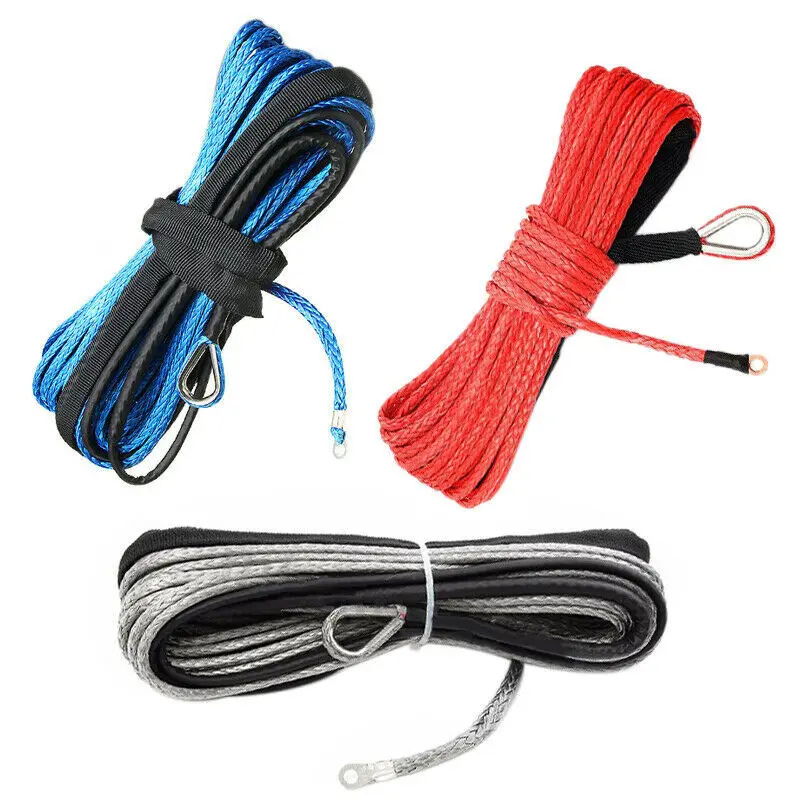 3/16"x50ft 7000LBs Synthetic Winch Line Cable Rope Recovery Cable with Sleeve ATV UTV Towing Pull Rope Strap Hooks Van Road 
3/16"x50ft 7000LBs Synthetic Winch Line Cable Rope Recovery Cable with Sleeve ATV UTV Towing Pull Rope Strap Hooks Van Road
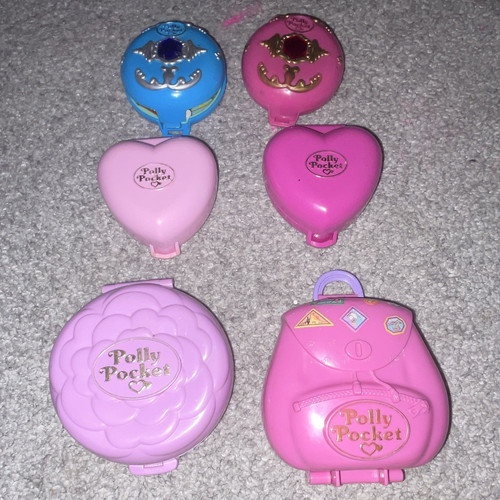 Vintage polly pocket bundle - bundle, 6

◆ Task item:
Any picture in the data is to be skipped, while each line is returned exactly as written.

◆ Written solution:
 3/16"x50ft 7000LBs Synthetic Winch Line Cable Rope Recovery Cable with Sleeve ATV UTV Towing Pull Rope Strap Hooks Van Road 
3/16"x50ft 7000LBs Synthetic Winch Line Cable Rope Recovery Cable with Sleeve ATV UTV Towing Pull Rope Strap Hooks Van Road
 Vintage polly pocket bundle - bundle, 6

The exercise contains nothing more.